Ovil menatap Pandawa dengan rasa simpati, meskipun hatinya terasa berat. “Aku nggak mau kamu merasa terluka, Pandawa. Kamu sudah penting dalam hidupku, dan itu nggak akan berubah. Tapi aku juga harus memilih jalan yang aku rasa benar.”
Pandawa akhirnya tersenyum, meskipun senyumnya sedikit pahit. “Aku akan coba menerima ini, Ovil. Aku hanya ingin kamu bahagia.”
Percakapan itu meninggalkan banyak perasaan campur aduk bagi Ovil. Ia merasa lega karena sudah mengungkapkan segalanya, tetapi di sisi lain, hatinya terasa hancur melihat Pandawa yang ia sayangi harus pergi. Namun, ia tahu bahwa ia dan Debi harus melangkah ke depan, bersama-sama.

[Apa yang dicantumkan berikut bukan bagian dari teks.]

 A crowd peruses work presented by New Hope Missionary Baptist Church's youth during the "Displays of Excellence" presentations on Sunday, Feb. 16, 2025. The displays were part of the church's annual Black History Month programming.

Kembali ke rumah, Ovil merasa lebih ringan, tetapi masih ada banyak hal yang harus dihadapi. Ia tahu bahwa perjalanan mereka tidak akan mudah, tetapi setidaknya mereka memiliki satu sama lain untuk bertahan.
---
Bab ini melanjutkan perjalanan Ovil dan Debi yang kini harus menghadapi realita hubungan mereka, serta tantangan dari masa lalu mereka dengan Pandawa. Meskipun keputusan sudah diambil, kenyataan tetap menguji mereka.